Segment Start: RECORDED DATA

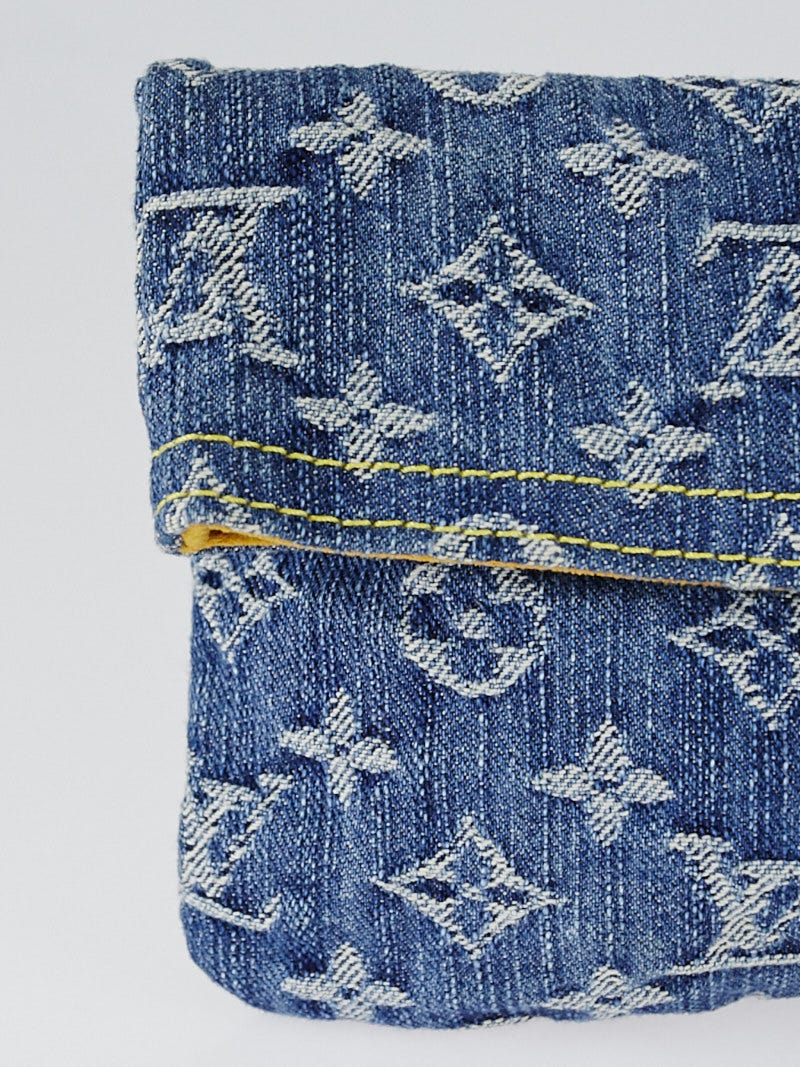 Pochette accessoire clutch bag Louis Vuitton Blue in Denim - Jeans -  17131101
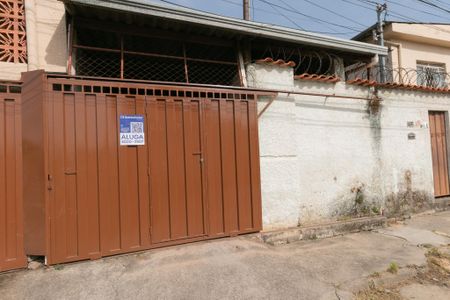 Casa para alugar com 100m², 2 quartos e 1 vaga Casa para alugar com 100m², 2 quartos e 1 vagaFachada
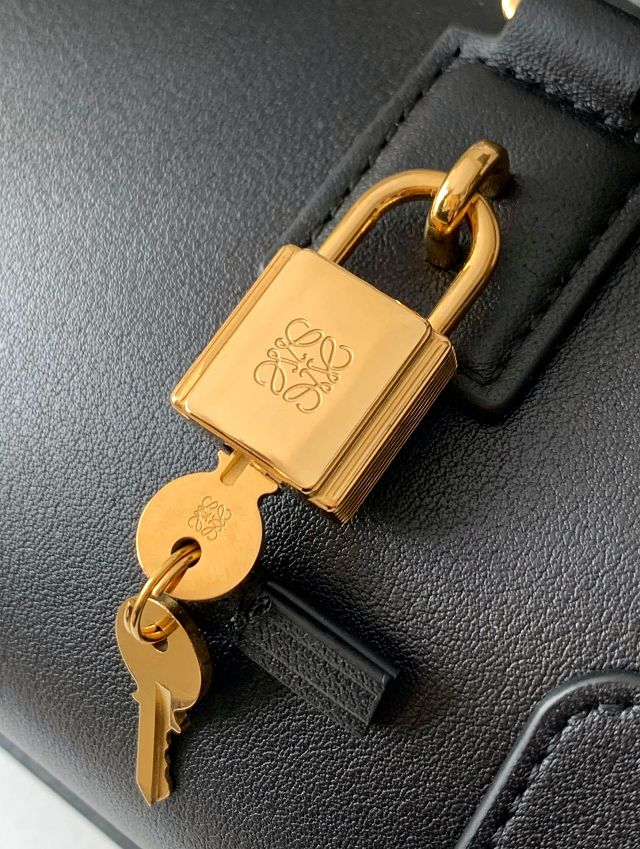 Loewe original calfskin amazona 23 cropped bag A039N23 black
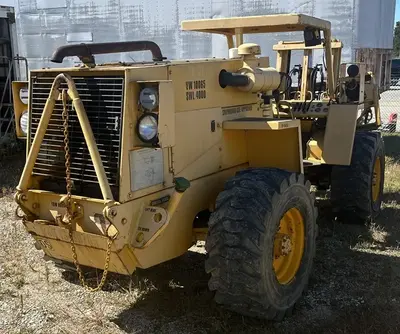 Used 1982 CASE M4KN Internal Combustion Forklifts: Pneumatic Tire North Carolina US | Proxy Equipment #1385282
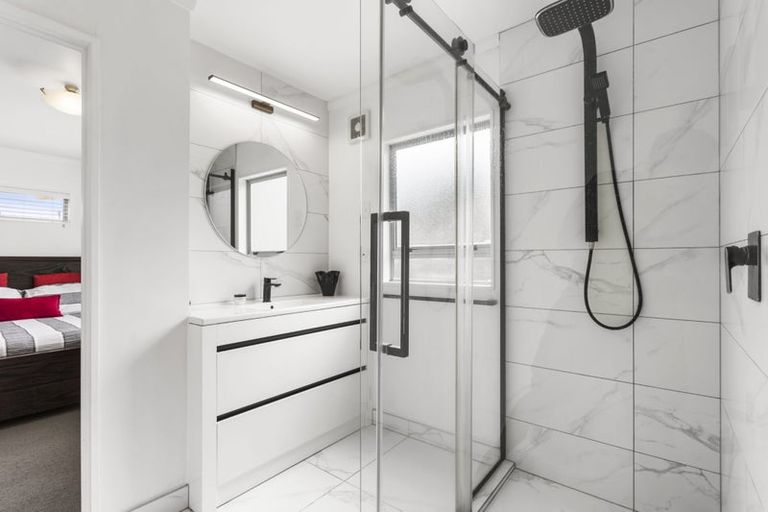 Photo of property in 1/351 West Coast Road, Glen Eden, Auckland, 0602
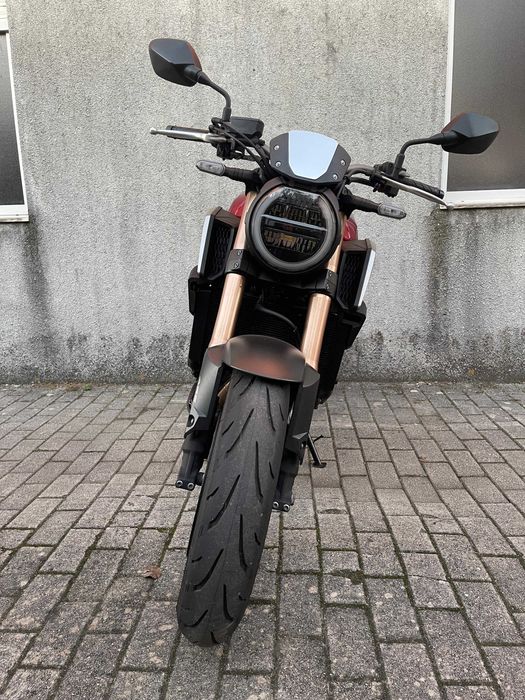 Honda CB650R Akrapovic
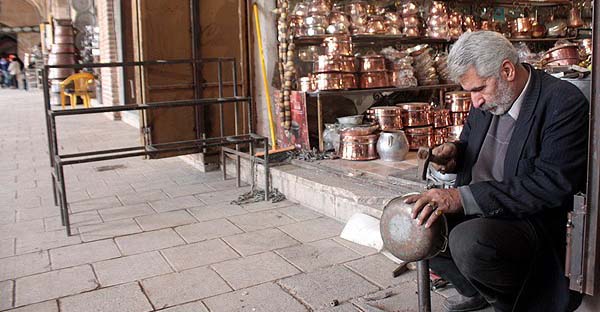 صدای دل انگیز کوبش مسگران کرمانی بر ظروف مسی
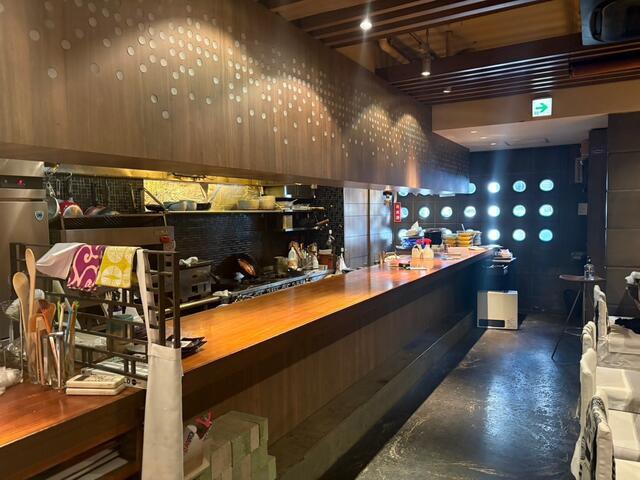 東白楽駅徒歩3分！内装美麗◎カウンター付き飲食店居抜き物件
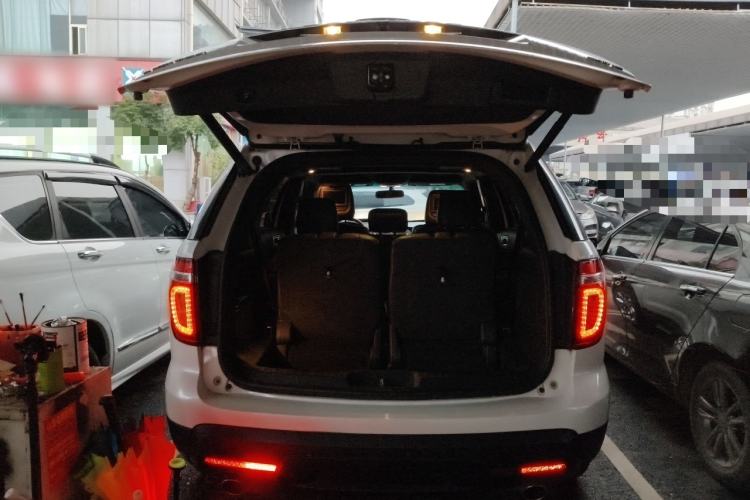 Used Ford Explorer 2013 3.5L Deluxe Model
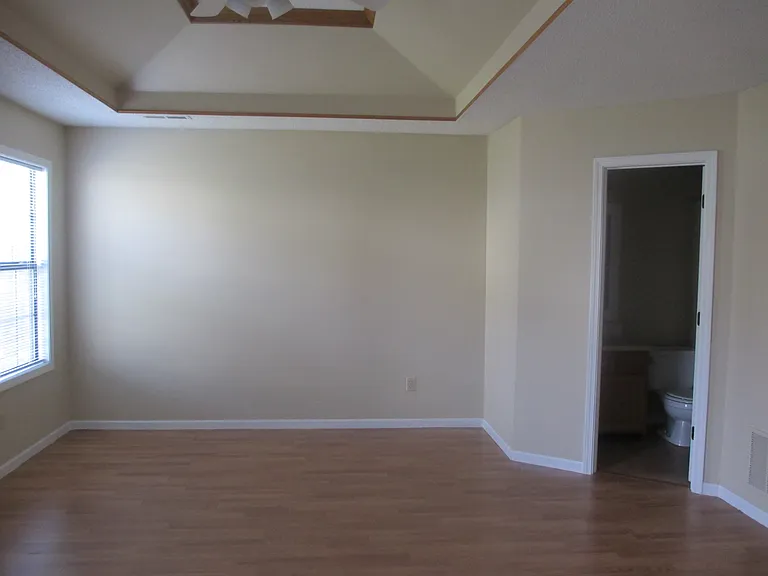 2608 Whitmore Dr — Photo 6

Segment End: RECORDED DATA

- [WORK TO BE COMPLETED]:
Only exact repeats of the lines from the one containing "Photo of property" through the end of the listing above are wanted here; pictures are not.

- [ANSWER SECTION]:
 Photo of property in 1/351 West Coast Road, Glen Eden, Auckland, 0602
 Honda CB650R Akrapovic
 صدای دل انگیز کوبش مسگران کرمانی بر ظروف مسی
 東白楽駅徒歩3分！内装美麗◎カウンター付き飲食店居抜き物件
 Used Ford Explorer 2013 3.5L Deluxe Model
 2608 Whitmore Dr — Photo 6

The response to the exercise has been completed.